Sundance and the Oscars: A big week for UCLA's School of Theater, Film and TV
By David Chute January 30, 2012 Category: Arts & Humanities
Five Academy Award nominations and a brace of official selections in competition at the Sundance Film Festival capped an extraordinary week of accomplishment for students and alumni of the UCLA School of Theater, Film and Television (TFT) last week.
Oscar nominations for best film (2), best director, best screenplay and best animated feature were announced at the same time films by TFT alumni were screening at Sundance in the U.S. Dramatic and World Cinema Documentary competitions and a film written and directed by a current TFT student was being featured in the Short Film, International Fiction competition.
"This has been a truly remarkable and unprecedented week, by any measure, for any professional school of entertainment and performing arts," said Teri Schwartz, dean of the school. "This showing is a great testament to a UCLA education and the extraordinary depth and range of talent that is nurtured and developed at TFT. The Academy's and Sundance's acknowledgement of our students' and alumni's work underscores our school's impact and influence across the entire landscape of the entertainment and performing arts industry, both mainstream and independent.
"Our students and alumni are true creative leaders who continue to shine as the gold standard for great cinematic storytelling around the world.

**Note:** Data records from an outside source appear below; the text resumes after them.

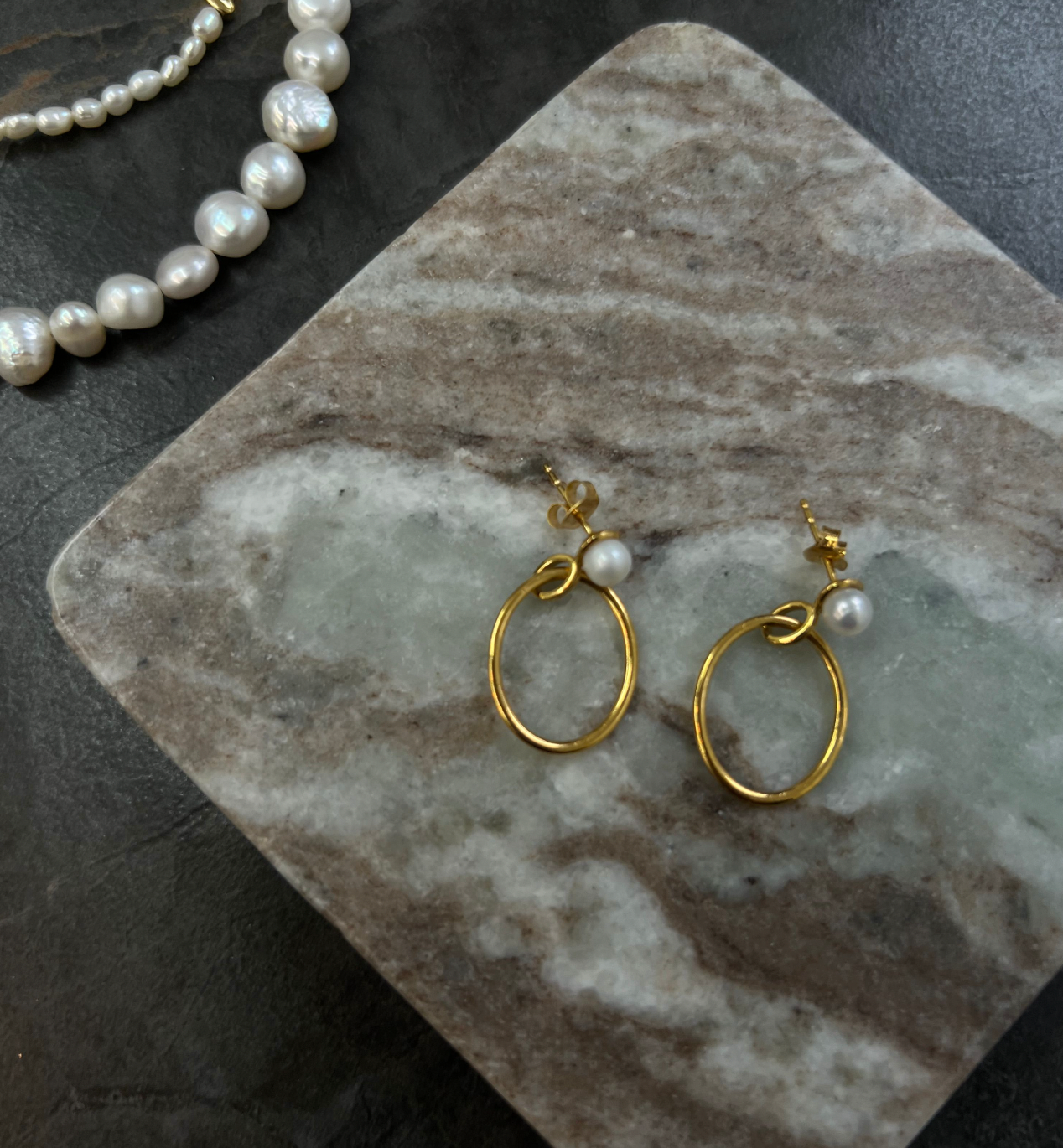 Sora Oval Pearl Hoop Earrings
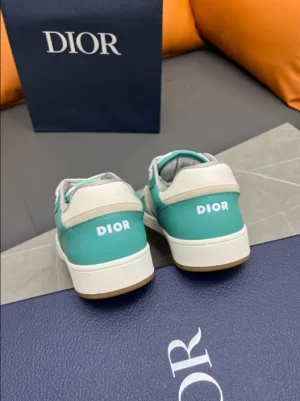 B27 LOW-TOP SNEAKER TURQUOISE AND CREAM SMOOTH CALFSKIN AND CREAM DIOR OBLIQUE JACQUARD CANVAS - CDO95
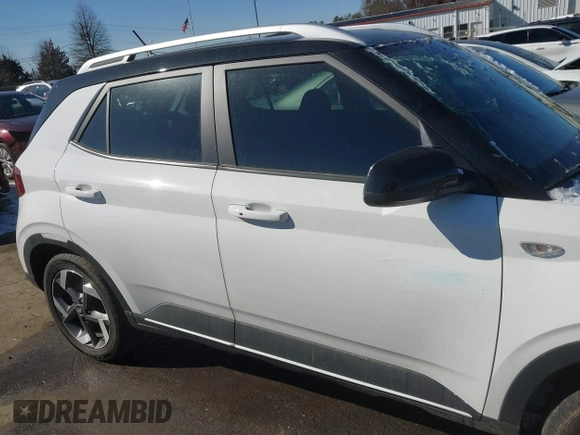 2024 Hyundai Venue SEL with VIN KMHRC8A30RU283085, listed as a IAAI auction lot 41366495 with 22,295 mi miles and . Bid and sale history available at DreamBid. Image 13.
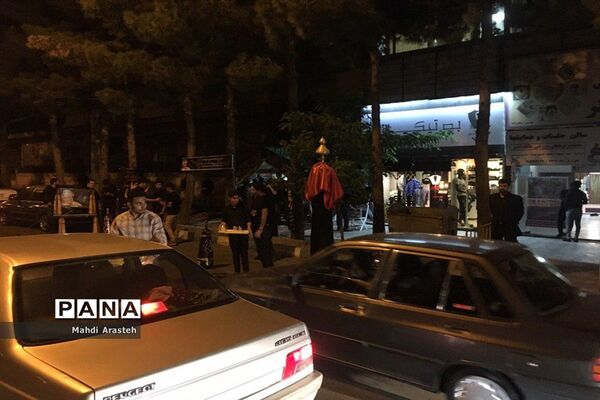 مراسم شب احیا در زور خانه مالک اشتر بیرجند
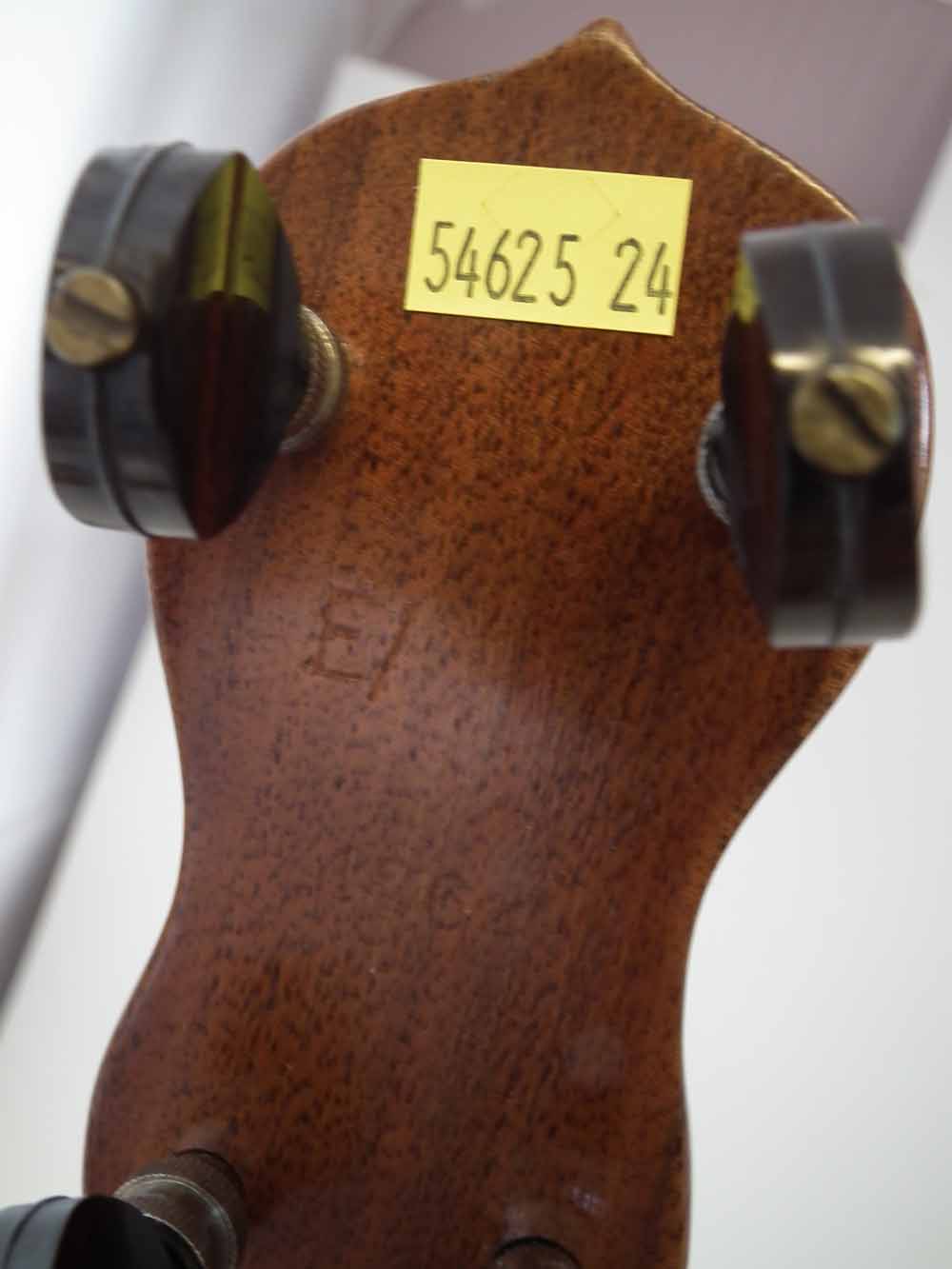 Dallas Model E George Formby Banjolele or Ukulele Banjo, with pearl inlayed headstock and - Image 9 of 11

I could not be more proud of our students and alumni, and I am absolutely thrilled and honored to join everyone in the celebration of their outstanding achievements."
When the 2012 Oscar nominations were announced Jan. 24, TFT had reason to celebrate. Alexander Payne (M.F.A. '90), who directed and co-wrote the 2004 Oscar winner "Sideways," received three nominations, for best director, best adapted screenplay and best picture, for his work on "The Descendants," a film for which he won the Golden Globe Award for best motion picture–drama from the Hollywood Foreign Press Association on Jan. 15.
Director Gore Verbinski ("Pirates of the Caribbean"), an alumnus and TFT executive board member, joined Payne as an Oscar nominee. Verbinski made a departure from directing live-action films and received a best animated feature nomination for his first animated directing/producing effort, "Rango," a critical favorite starring Johnny Depp. The film has also received nine Annie Award nominations from the International Animated Film Society, the field's highest honor.
Alumnus and TFT executive board member Frank Marshall ('68), with more than 70 highly successful films to his credit over a landmark career, including "Jurassic Park," "The Bourne Identity" and "Indiana Jones," to name but a few, received a best picture nomination for "War Horse," a World War I drama based on the internationally successful, groundbreaking play.
Sundance Film Festival
At Sundance, two feature films with world premieres in competition were written and directed by TFT alumni. In the U.S. Dramatic Competition, James Ponsoldt ('10), a graduate of the TFT professional program in screenwriting, premiered "Smashed," starring Mary Elizabeth Winstead and Emmy winner Aaron Paul, from the TV series "Breaking Bad." "Smashed" topped off its festival premiere by receiving the coveted Special Jury Prize for Excellence from the Sundance jury.
In the World Cinema Documentary Competition, Marius Markevicius (M.F.A. '02) co-producer of last year's Sundance hit "Like Crazy," debuted as a writer–director with his passion-project feature documentary "The Other Dream Team," which tells the personal story of the extraordinary basketball players from Lithuania who surprised the world by snagging a bronze medal at the 1992 Olympic Games in Barcelona.
Other Bruin highlights at Sundance included a rare screening of "Daughters of the Dust" (1991), a classic of African-American independent cinema written and directed by Julie Dash (M.F.A. '85), in a dazzling new print created by the UCLA Film & Television Archive. With opening remarks delivered by Dean Schwartz, the film played to a full and enthusiastic audience who treasured the opportunity to see this extraordinary cinematic masterwork.
The Short Film, International Fiction Competition featured "Playtime," a film written and directed by current student Lucas Mireles ('12), and produced by recent graduate Ryan Slattery ('11), which was made last year in Germany as part of a cinematic exchange program arranged by Barbara Boyle, chair of the UCLA Department of Film, Television and Digital Media, with the Internationale Filmschule Köln (Cologne). "Playtime" was inspired by the landmark silent feature "People on Sunday (1930)", whose production team included future greats Billy Wilder, Robert Siodmak and Fred Zinneman.